Ahora bien, como académicxs sensibles a todo esto, nos podemos preguntar legítimamente cómo pensar en estos silencios. ¿Es posible imaginar una antropología de los silencios? ¿Cómo interpretar lo que no se ha expresado todavía? ¿Cómo concebir el silencio más allá del silencio mismo? ¿Cómo extraer pistas desde estos silencios para construir argumentos y aspirar a su teorización?
En mi comprensión, las migraciones, las violencias y los silencios constituyen una tríada difícil de resolver y siempre presente en nuestro trabajo colaborativo. Esto nos obliga a valorar la antropología como una ciencia de la escucha, de la observación y la interacción social con sentido.
Hace años Alain Badiou mencionó que los sin papeles (como se les llamó a lxs migrantes indocumentadxs en Europa) eran inaudibles para nosotros, hacen un ruido, pero no sabemos qué nos están diciendo. Para mí éste es un desafío mayor.
Esto supone partir por considerar que el silencio sólo se puede entender al interior del lenguaje. El silencio forma parte de las palabras y comunica con fuerza. El silencio son datos densos al interior de la descripción densa a la que aspiramos en etnografía. El silencio es, finalmente, una fuerte presencia comunicativa con valor de combate.
En lugar de verlo como nada, el silencio nos evoca tantas cosas. El silencio son las violencias estatales y económicas. El silencio es la precariedad y los abusos. El silencio nos transporta directamente a los abusos de autoridades, a las violencias de hombres y de criminales. Todos ellos y en conjunto.
Y el silencio, además, puede reflejar una estrategia de defensa y de seguridad de muchas mujeres que lo utilizan y, hasta cierto punto, demuestra que el silencio se politiza.

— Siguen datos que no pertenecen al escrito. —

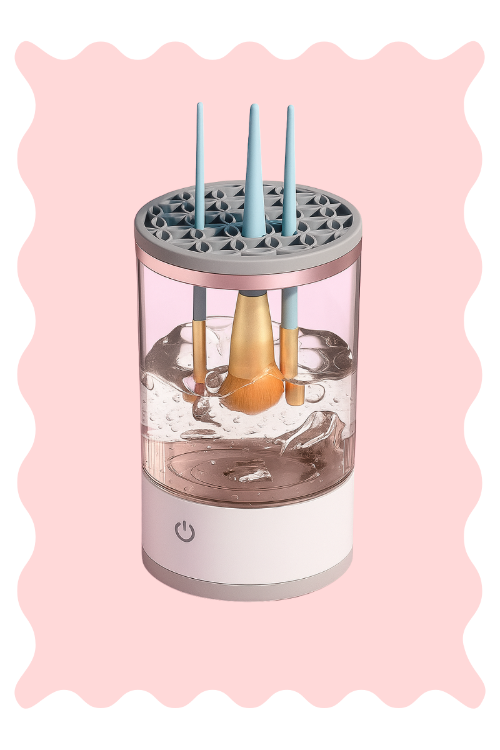 Nettoyeur USB Cleansette pour pinceaux de maquillage, appareil en fonctionnement avec brosse immergée dans l’eau sur fond rose.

En las migraciones, muchas mujeres imaginan que todos los hombres, incluyendo los compañeros de ruta, son potenciales agresores. Esto hace parte de la economía política de los silencios. Pero a pesar de que todo esto domestica nuestra mirada y favorece la naturalización de las violencias, las mujeres no tienen una sola experiencia unificada de dominación. Muchas resisten y se agrupan. Establecen círculos de palabra y se ayudan a resanar. Muchas priorizan el autocuidado como una política femenina y feminista clave. Por eso quizás no todo está perdido, hay mucho qué retrabajar en esta sociedad herida.